Initialization Strategies

init_to_median

init_to_median(num_samples=15)[source]

Initialize to the prior median.

Parameters:num_samples (int) – number of prior points to calculate median.

init_to_prior

init_to_prior()[source]

Initialize to a prior sample.

init_to_uniform

init_to_uniform(radius=2)[source]

Initialize to a random point in the area (-radius, radius) of unconstrained domain.
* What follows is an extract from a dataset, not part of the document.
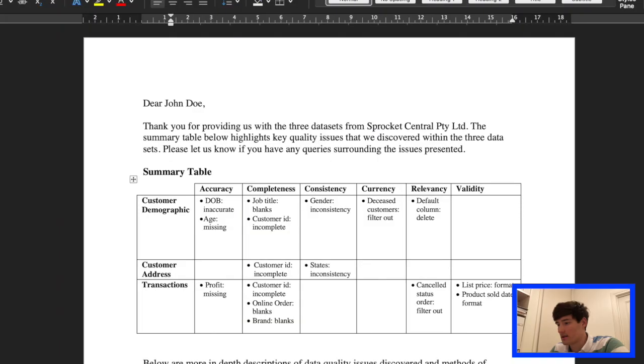Hi everyone, welcome back to another video. Today we're going to be going through my email that I made for Module 1 and then we're going to go through the Excel document and some changes that I made in there. So we'll begin here. This is my email.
Parameters:radius (float) – specifies the range to draw an initial point in the unconstrained domain.

init_to_feasible

init_to_feasible()[source]

Initialize to an arbitrary feasible point, ignoring distribution parameters.

init_to_value

init_to_value(values)[source]

Initialize to the value specified in values. We defer to init_to_uniform() strategy for sites which do not appear in values.

Parameters:values (dict) – dictionary of initial values keyed by site name.